ARIS login page — dark ocean background, ARIS wordmark, and a Sign in with Google button

If you see this, the web container is up, the middleware redirected an unauthenticated request to /login, and the Google OIDC integration is configured. Click Sign in with Google to continue to First login.

If you see something else — a connection refused, a 502, a styled-but-broken page — work through the CLI checks below to pinpoint which container is unhappy, then Troubleshooting.

Verify each container

In another shell, check the gates one by one.

Postgres is up:

docker compose exec db pg_isready -U aris -d aris
# /var/run/postgresql:5432 - accepting connections

Core is healthy:

curl -s http://localhost:8080/healthz
# ok

Core has finished a sync:

docker compose logs core | grep 'directory.sync.run report'

You should see one line like directory.sync.run report persons_upserted=N ... per completed sync run.

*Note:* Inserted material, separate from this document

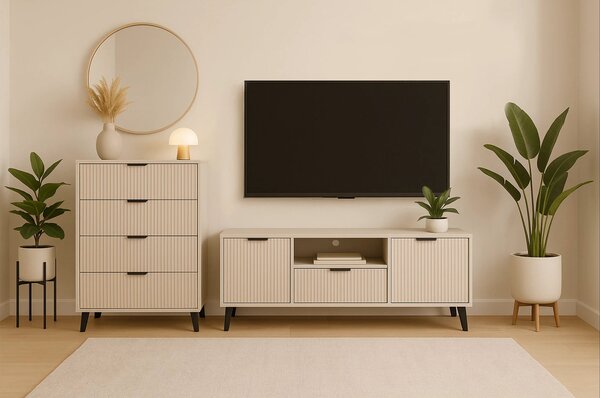 Comoda cu sertare inalta BORG, casmir, PAL laminat, 70x39x103 cm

The boot sync runs once at startup; subsequent runs follow ARIS_DIRECTORY_SYNC_INTERVAL (default 1h).

Web is up:

curl -s -o /dev/null -w "%{http_code}\n" http://localhost:3001
# 200 (or 307 redirecting to /login)

Run detached (long-lived)

For day-to-day operation, run in the background:

docker compose up -d

Use docker compose up -d --build only for source-checkout evaluation builds.

Tail the logs:

docker compose logs -f

Stop everything:

docker compose down

The Postgres data volume (aris-db) survives down. To wipe it (for a clean re-install):

docker compose down -v

down -v deletes the database

Every operator session, every directory snapshot, every staged identity row goes with it. Only do this on a deployment you intend to re-bootstrap.

What you should see in the logs

A successful first boot looks roughly like:

db    | LOG:  database system is ready to accept connections
core  | {"level":"INFO","msg":"migrations applied","count":1}
core  | {"level":"INFO","msg":"directory.sync.run start"}
core  | {"level":"INFO","msg":"directory.sync.run report","persons_upserted":42,"identities_upserted":42,"employments_opened":42,"errors":0}
core  | {"level":"INFO","msg":"listening","addr":":8080"}
web   | ▲ Next.js 15.5.15
web   |   - Local:        http://localhost:3000
web   |   ✓ Ready in 280ms

If anything looks different — especially errors during the sync run — see Troubleshooting.